» **What you have to do**: In the entries below, begin at the line that has "Varesh Airlines Fleet" and stop after the line that has "casinos benefit from limits"; output those lines exactly, leaving out pictures.

» **Listed entries**:
- - - -

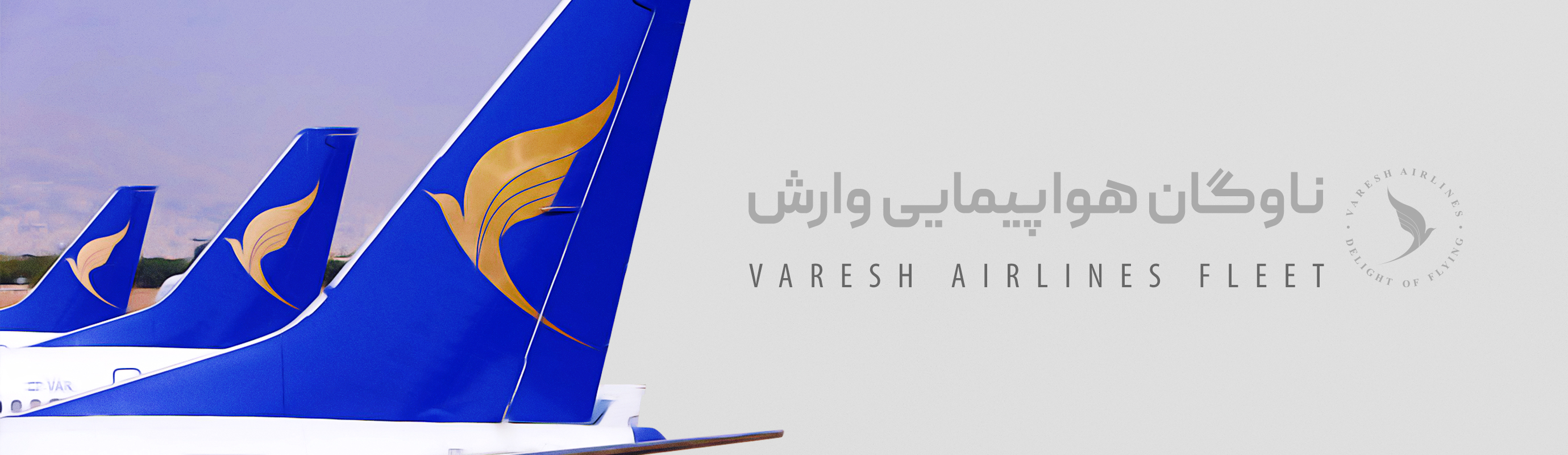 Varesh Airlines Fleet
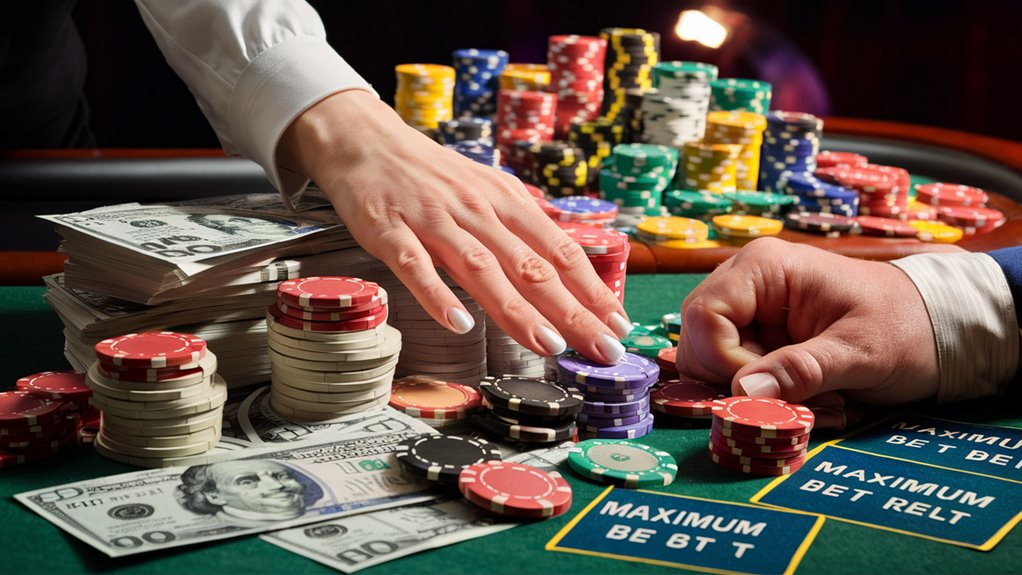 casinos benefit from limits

- - - -

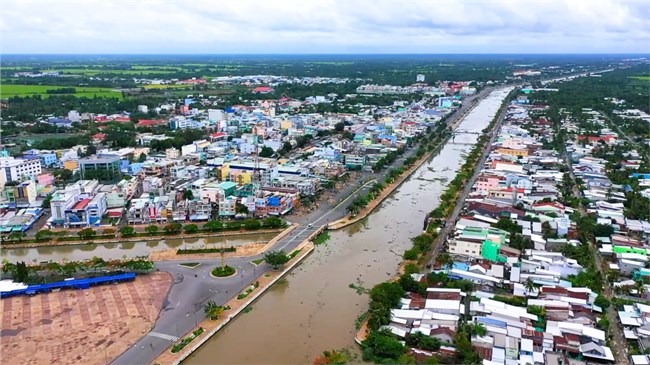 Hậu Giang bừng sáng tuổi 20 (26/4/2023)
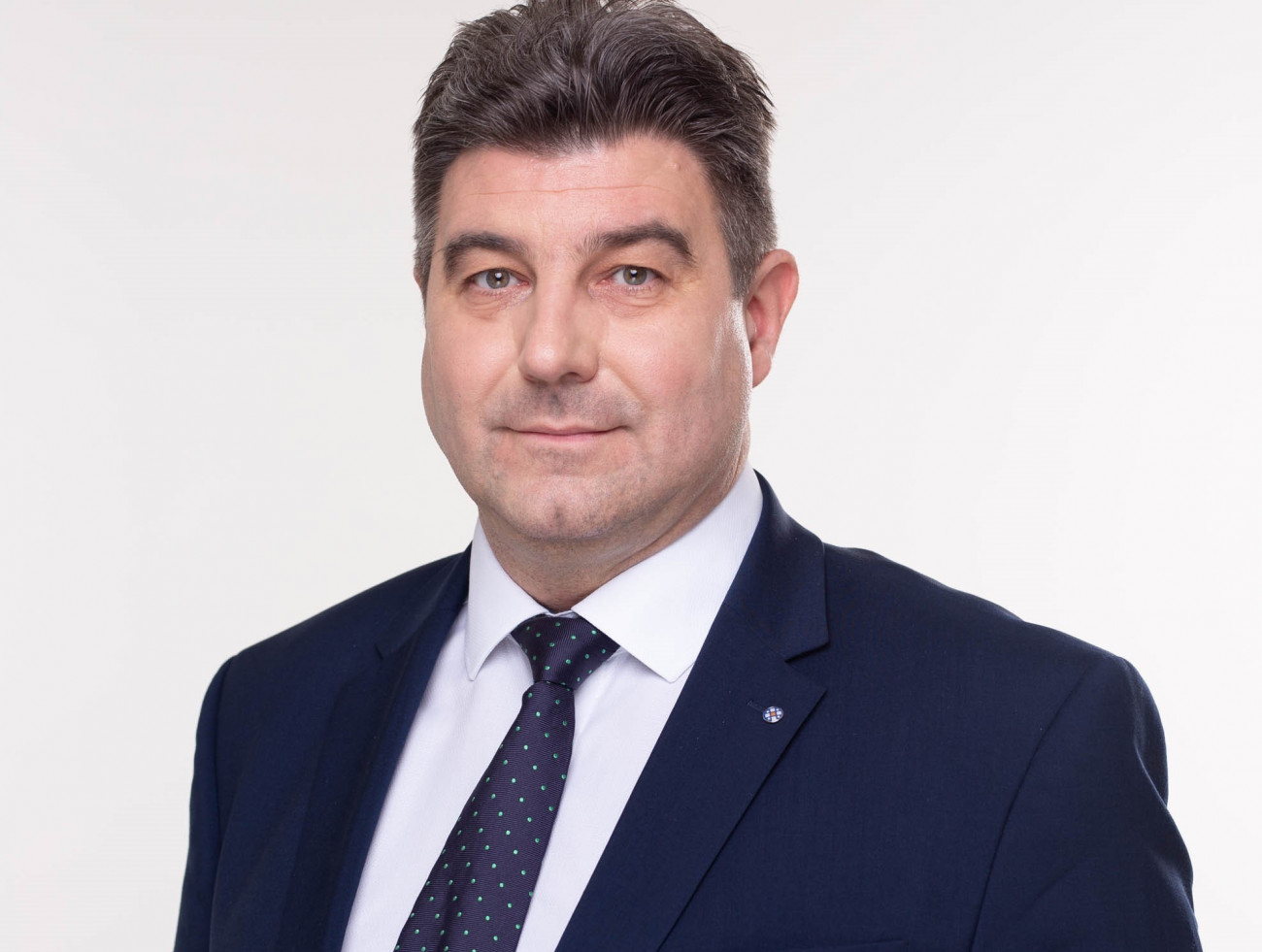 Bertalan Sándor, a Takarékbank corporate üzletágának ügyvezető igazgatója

- - - -

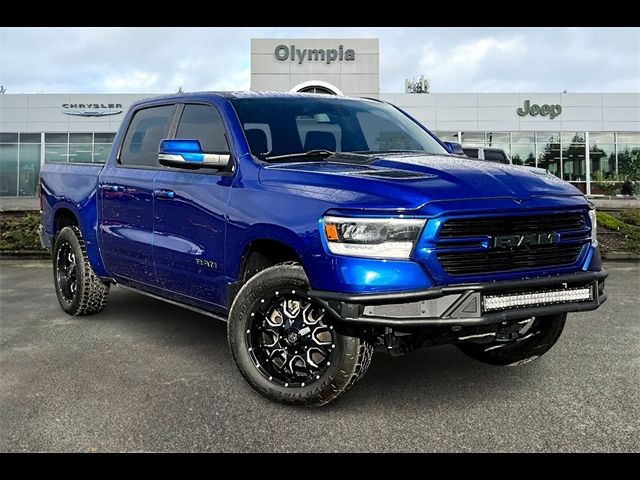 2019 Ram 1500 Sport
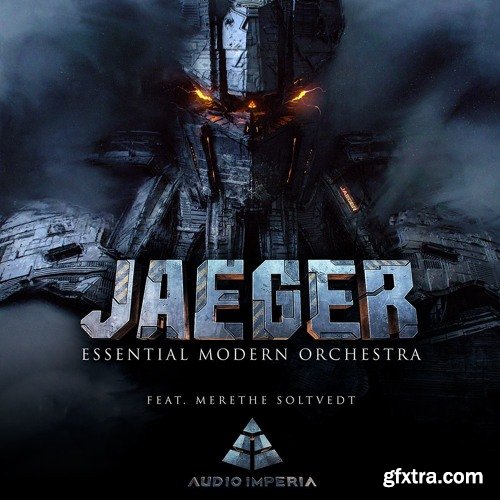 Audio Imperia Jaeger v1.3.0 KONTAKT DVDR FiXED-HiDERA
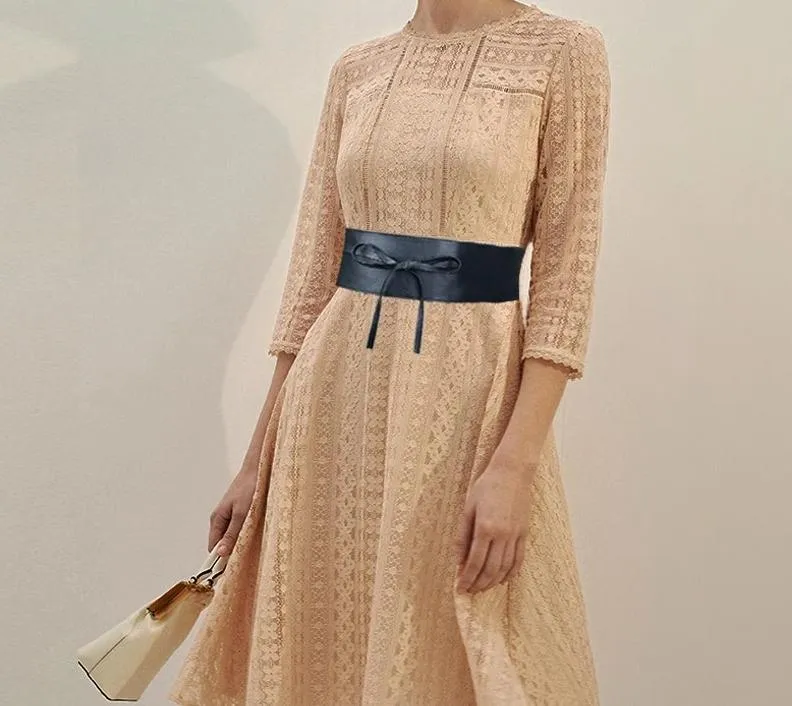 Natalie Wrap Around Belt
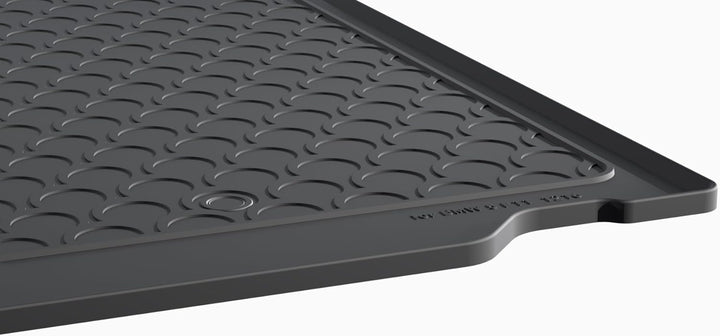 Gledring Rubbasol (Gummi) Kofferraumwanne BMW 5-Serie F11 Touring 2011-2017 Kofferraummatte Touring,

- - - -

» **Written answer**:
 Varesh Airlines Fleet
 casinos benefit from limits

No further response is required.